Advertisement:

Author Topic: How to convert to UTF-8  (Read 29285 times)

Offline agridoc

  • Language Moderator
  • SMF Hero
  • *
  • Posts: 3,269
  • Gender: Male
    • Aeromodelling GR - Aeromodelling in Greece
How to convert to UTF-8
« on: April 01, 2012, 04:25:33 AM »
* Addition: I realized that I posted on April 1st. Don't be afraid, it's not an April fool joke.

The original Re: It's all Greek to me .... :) is a post with structure of a guide that I planned to finish some day. [3.0] Full UTF8 support reminded me, so I worked a bit

Have a look at and, if found useful, use it as you wish, after possible corrections and/or additions.


You have and use SMF installed in ISO/ANSI and you are challenged to convert to UTF-8. You know that this is something that will have to be done, sooner or later but you may be afraid of conversion to UTF-8.

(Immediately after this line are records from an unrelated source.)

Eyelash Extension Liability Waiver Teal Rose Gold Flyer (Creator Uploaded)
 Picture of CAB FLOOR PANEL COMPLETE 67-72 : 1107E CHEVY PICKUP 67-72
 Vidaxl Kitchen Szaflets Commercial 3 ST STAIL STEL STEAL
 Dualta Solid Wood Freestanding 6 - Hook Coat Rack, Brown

It's a procedure that needs care and must be done with proper planning.

Let's see things.

- You have a SMF ISO installation, originally in English ISO-8859-1.
- Database tables and text fields are in latin1_swedish_ci.
- Another language may have been added. Check in index.[language].php file this line.
Code: [Select]
$txt['lang_character_set'] = 'ISO-8859-1';The character set might be different than ISO-8859-1. This is what will be used in this case as Data character set in step 8, not ISO-8859-1. If more than one language with character set different than ISO-8859-1 have been used the database can't be properly converted using  integrated SMF converter to UTF-8. Many languages using ISO-8859-1 are no problem. Selecting the proper Data character set is essential for success, it should be examined and decided BEFORE starting the procedure.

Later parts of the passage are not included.